- **Exercise**
Please repeat the data shown below, word for word.

Brief descriptive captions:
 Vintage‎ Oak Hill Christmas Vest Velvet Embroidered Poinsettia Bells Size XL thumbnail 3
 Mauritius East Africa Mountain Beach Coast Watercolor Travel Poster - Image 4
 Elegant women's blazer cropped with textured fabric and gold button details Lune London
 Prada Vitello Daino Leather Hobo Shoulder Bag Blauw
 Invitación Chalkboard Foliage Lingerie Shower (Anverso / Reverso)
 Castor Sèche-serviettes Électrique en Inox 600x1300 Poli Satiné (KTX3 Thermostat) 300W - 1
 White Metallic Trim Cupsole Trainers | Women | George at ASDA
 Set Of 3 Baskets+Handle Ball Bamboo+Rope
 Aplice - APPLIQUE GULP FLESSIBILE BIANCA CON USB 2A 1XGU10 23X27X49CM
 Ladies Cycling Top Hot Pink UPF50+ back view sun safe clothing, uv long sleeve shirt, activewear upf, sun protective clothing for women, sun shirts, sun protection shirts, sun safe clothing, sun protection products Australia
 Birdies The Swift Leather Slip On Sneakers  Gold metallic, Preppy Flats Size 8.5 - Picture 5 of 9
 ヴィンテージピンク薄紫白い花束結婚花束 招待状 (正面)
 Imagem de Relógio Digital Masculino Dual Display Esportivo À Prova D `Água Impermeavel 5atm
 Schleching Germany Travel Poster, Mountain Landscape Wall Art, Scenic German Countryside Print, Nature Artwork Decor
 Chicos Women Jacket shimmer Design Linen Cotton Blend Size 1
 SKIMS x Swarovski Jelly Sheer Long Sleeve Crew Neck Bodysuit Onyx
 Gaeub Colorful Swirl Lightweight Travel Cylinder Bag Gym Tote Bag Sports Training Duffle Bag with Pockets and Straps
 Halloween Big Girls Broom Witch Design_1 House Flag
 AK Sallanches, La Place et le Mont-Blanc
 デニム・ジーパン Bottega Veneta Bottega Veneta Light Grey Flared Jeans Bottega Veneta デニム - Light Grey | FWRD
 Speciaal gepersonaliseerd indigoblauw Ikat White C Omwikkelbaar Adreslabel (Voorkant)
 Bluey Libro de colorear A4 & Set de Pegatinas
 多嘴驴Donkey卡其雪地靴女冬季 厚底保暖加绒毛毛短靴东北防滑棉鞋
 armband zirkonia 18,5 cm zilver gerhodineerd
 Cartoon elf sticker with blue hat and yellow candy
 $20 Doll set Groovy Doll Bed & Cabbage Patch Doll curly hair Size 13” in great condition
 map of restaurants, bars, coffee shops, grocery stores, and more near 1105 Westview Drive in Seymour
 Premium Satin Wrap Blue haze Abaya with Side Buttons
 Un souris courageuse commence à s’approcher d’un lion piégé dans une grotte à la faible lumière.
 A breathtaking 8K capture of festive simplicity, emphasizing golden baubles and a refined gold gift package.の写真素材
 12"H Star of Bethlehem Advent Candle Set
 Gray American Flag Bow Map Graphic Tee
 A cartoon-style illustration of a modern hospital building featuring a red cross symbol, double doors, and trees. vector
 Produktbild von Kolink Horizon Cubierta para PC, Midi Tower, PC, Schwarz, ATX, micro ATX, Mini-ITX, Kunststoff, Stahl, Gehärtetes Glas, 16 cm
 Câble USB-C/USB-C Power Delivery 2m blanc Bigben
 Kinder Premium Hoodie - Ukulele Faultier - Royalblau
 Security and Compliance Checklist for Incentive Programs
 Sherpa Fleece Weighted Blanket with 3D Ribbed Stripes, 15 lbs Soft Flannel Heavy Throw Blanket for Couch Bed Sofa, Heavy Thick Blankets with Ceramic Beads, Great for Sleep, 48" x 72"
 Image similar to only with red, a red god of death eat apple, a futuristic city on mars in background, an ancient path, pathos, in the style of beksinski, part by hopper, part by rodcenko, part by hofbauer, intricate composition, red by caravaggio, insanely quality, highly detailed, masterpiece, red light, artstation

- **Response below**
 Vintage‎ Oak Hill Christmas Vest Velvet Embroidered Poinsettia Bells Size XL thumbnail 3
 Mauritius East Africa Mountain Beach Coast Watercolor Travel Poster - Image 4
 Elegant women's blazer cropped with textured fabric and gold button details Lune London
 Prada Vitello Daino Leather Hobo Shoulder Bag Blauw
 Invitación Chalkboard Foliage Lingerie Shower (Anverso / Reverso)
 Castor Sèche-serviettes Électrique en Inox 600x1300 Poli Satiné (KTX3 Thermostat) 300W - 1
 White Metallic Trim Cupsole Trainers | Women | George at ASDA
 Set Of 3 Baskets+Handle Ball Bamboo+Rope
 Aplice - APPLIQUE GULP FLESSIBILE BIANCA CON USB 2A 1XGU10 23X27X49CM
 Ladies Cycling Top Hot Pink UPF50+ back view sun safe clothing, uv long sleeve shirt, activewear upf, sun protective clothing for women, sun shirts, sun protection shirts, sun safe clothing, sun protection products Australia
 Birdies The Swift Leather Slip On Sneakers  Gold metallic, Preppy Flats Size 8.5 - Picture 5 of 9
 ヴィンテージピンク薄紫白い花束結婚花束 招待状 (正面)
 Imagem de Relógio Digital Masculino Dual Display Esportivo À Prova D `Água Impermeavel 5atm
 Schleching Germany Travel Poster, Mountain Landscape Wall Art, Scenic German Countryside Print, Nature Artwork Decor
 Chicos Women Jacket shimmer Design Linen Cotton Blend Size 1
 SKIMS x Swarovski Jelly Sheer Long Sleeve Crew Neck Bodysuit Onyx
 Gaeub Colorful Swirl Lightweight Travel Cylinder Bag Gym Tote Bag Sports Training Duffle Bag with Pockets and Straps
 Halloween Big Girls Broom Witch Design_1 House Flag
 AK Sallanches, La Place et le Mont-Blanc
 デニム・ジーパン Bottega Veneta Bottega Veneta Light Grey Flared Jeans Bottega Veneta デニム - Light Grey | FWRD
 Speciaal gepersonaliseerd indigoblauw Ikat White C Omwikkelbaar Adreslabel (Voorkant)
 Bluey Libro de colorear A4 & Set de Pegatinas
 多嘴驴Donkey卡其雪地靴女冬季 厚底保暖加绒毛毛短靴东北防滑棉鞋
 armband zirkonia 18,5 cm zilver gerhodineerd
 Cartoon elf sticker with blue hat and yellow candy
 $20 Doll set Groovy Doll Bed & Cabbage Patch Doll curly hair Size 13” in great condition
 map of restaurants, bars, coffee shops, grocery stores, and more near 1105 Westview Drive in Seymour
 Premium Satin Wrap Blue haze Abaya with Side Buttons
 Un souris courageuse commence à s’approcher d’un lion piégé dans une grotte à la faible lumière.
 A breathtaking 8K capture of festive simplicity, emphasizing golden baubles and a refined gold gift package.の写真素材
 12"H Star of Bethlehem Advent Candle Set
 Gray American Flag Bow Map Graphic Tee
 A cartoon-style illustration of a modern hospital building featuring a red cross symbol, double doors, and trees. vector
 Produktbild von Kolink Horizon Cubierta para PC, Midi Tower, PC, Schwarz, ATX, micro ATX, Mini-ITX, Kunststoff, Stahl, Gehärtetes Glas, 16 cm
 Câble USB-C/USB-C Power Delivery 2m blanc Bigben
 Kinder Premium Hoodie - Ukulele Faultier - Royalblau
 Security and Compliance Checklist for Incentive Programs
 Sherpa Fleece Weighted Blanket with 3D Ribbed Stripes, 15 lbs Soft Flannel Heavy Throw Blanket for Couch Bed Sofa, Heavy Thick Blankets with Ceramic Beads, Great for Sleep, 48" x 72"
 Image similar to only with red, a red god of death eat apple, a futuristic city on mars in background, an ancient path, pathos, in the style of beksinski, part by hopper, part by rodcenko, part by hofbauer, intricate composition, red by caravaggio, insanely quality, highly detailed, masterpiece, red light, artstation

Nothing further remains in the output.